Errada, porque corresponde ao direito de suspender atividades quando a instituição pública não oferece condições adequadas ou remuneração digna, respeitadas urgência e emergência.
- B)Apontar falhas em normas, contratos e práticas internas das instituições em que trabalhe, quando as julgar indignas do exercício da profissão ou prejudiciais a si mesmo, ao paciente ou a terceiros, devendo comunicá-las ao Conselho Regional de Medicina de sua jurisdição e à Comissão de Ética da instituição, quando houver.
Errada, porque reproduz o direito de apontar falhas em normas, contratos e práticas institucionais e comunicá-las aos órgãos competentes.
- C)Recusar-se a exercer sua profissão em instituição pública ou privada, onde as condições de trabalho não sejam dignas ou possam prejudicar a própria saúde ou a do paciente, bem como a dos demais profissionais. Nesse caso, comunicará com justificativa e maior brevidade sua decisão ao diretor técnico, ao Conselho Regional de Medicina de sua jurisdição e à Comissão de Ética da instituição, quando houver.
Errada, porque está de acordo com o direito de recusar atuar em local sem condições dignas ou que prejudique a saúde do médico ou do paciente.
- D)Internar e assistir seus pacientes em hospitais privados e públicos com caráter filantrópico ou não, ainda que não faça parte do seu corpo clínico, respeitadas as normas técnicas aprovadas pelo Conselho Regional de Medicina da pertinente jurisdição.
Certa, porque é a exceção cobrada pela banca nesta questão, pois a redação não se ajusta ao conteúdo correto do direito previsto no Código.
- E)Recusar-se a realizar atos médicos que, embora permitidos por lei, sejam contrários aos ditames de sua consciência.
Errada, porque o Código garante ao médico a recusa a realizar atos permitidos por lei, mas contrários à sua consciência.
Gabarito: D
A questão cobra os direitos do médico no Código de Ética Médica, que aparecem no capítulo de direitos e costumam ser cobrados em forma de "marque a exceção". A banca gosta de misturar enunciados muito parecidos com a redação literal do Código, então aqui o segredo é identificar qual frase foge do rol de direitos previstos.

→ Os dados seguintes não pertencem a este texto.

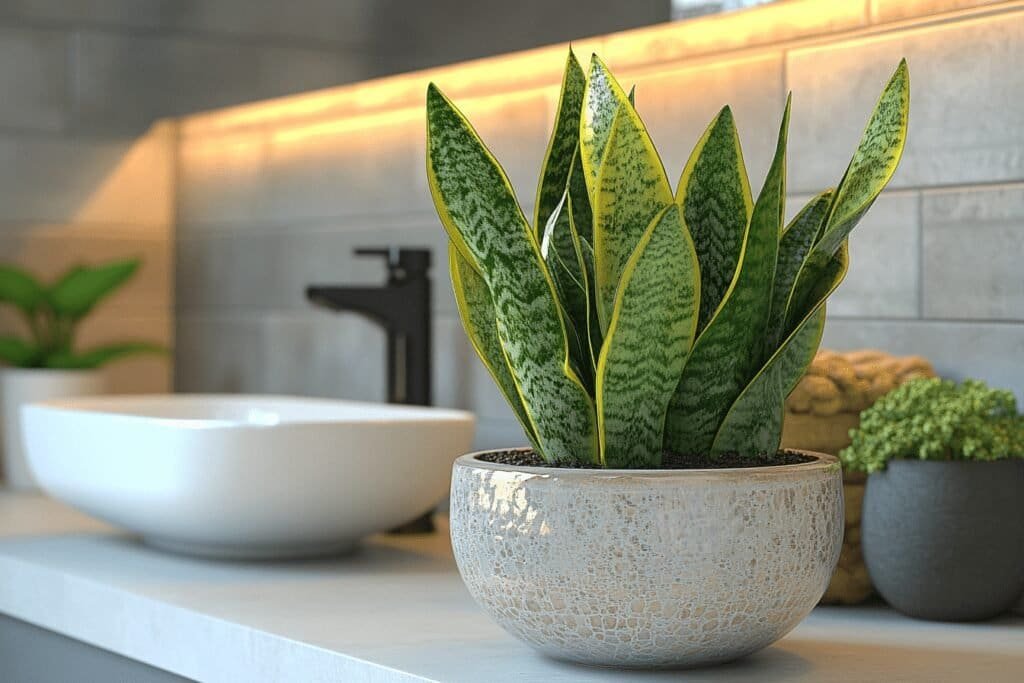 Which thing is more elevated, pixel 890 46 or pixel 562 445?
pixel 890 46

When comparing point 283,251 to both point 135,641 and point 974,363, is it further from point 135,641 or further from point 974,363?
point 974,363

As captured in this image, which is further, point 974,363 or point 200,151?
point 200,151

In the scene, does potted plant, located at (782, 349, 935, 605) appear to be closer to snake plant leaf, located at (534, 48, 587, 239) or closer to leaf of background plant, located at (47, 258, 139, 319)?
snake plant leaf, located at (534, 48, 587, 239)

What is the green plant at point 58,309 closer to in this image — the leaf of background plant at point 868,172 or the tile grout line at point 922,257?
the tile grout line at point 922,257

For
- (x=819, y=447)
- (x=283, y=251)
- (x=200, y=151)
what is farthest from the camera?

Em regra, o médico pode: apontar falhas em normas e práticas das instituições, recusar atuar em local sem condições dignas, suspender atividades em certos casos na rede pública e recusar atos contrários à própria consciência. Esses pontos estão alinhados com o Código de Ética Médica do CFM, especialmente nos dispositivos sobre autonomia profissional, condições adequadas de trabalho e objeção de consciência. O gabarito é a letra D porque a redação apresentada não traduz corretamente um direito absoluto e irrestrito nesses termos, do jeito que a alternativa sugere. A formulação cobrada pela banca destoa da sistemática do Código e acaba sendo a exceção da lista. Em prova, isso costuma acontecer quando o item parece "copiado da lei", mas traz um detalhe fora do lugar. Resumo prático: quando o enunciado vier com "é direito do médico", procure os itens que protegem a autonomia, a dignidade profissional e a segurança do paciente. E cuidado com frases que parecem bonitas demais: em Ética Médica, o texto literal importa muito.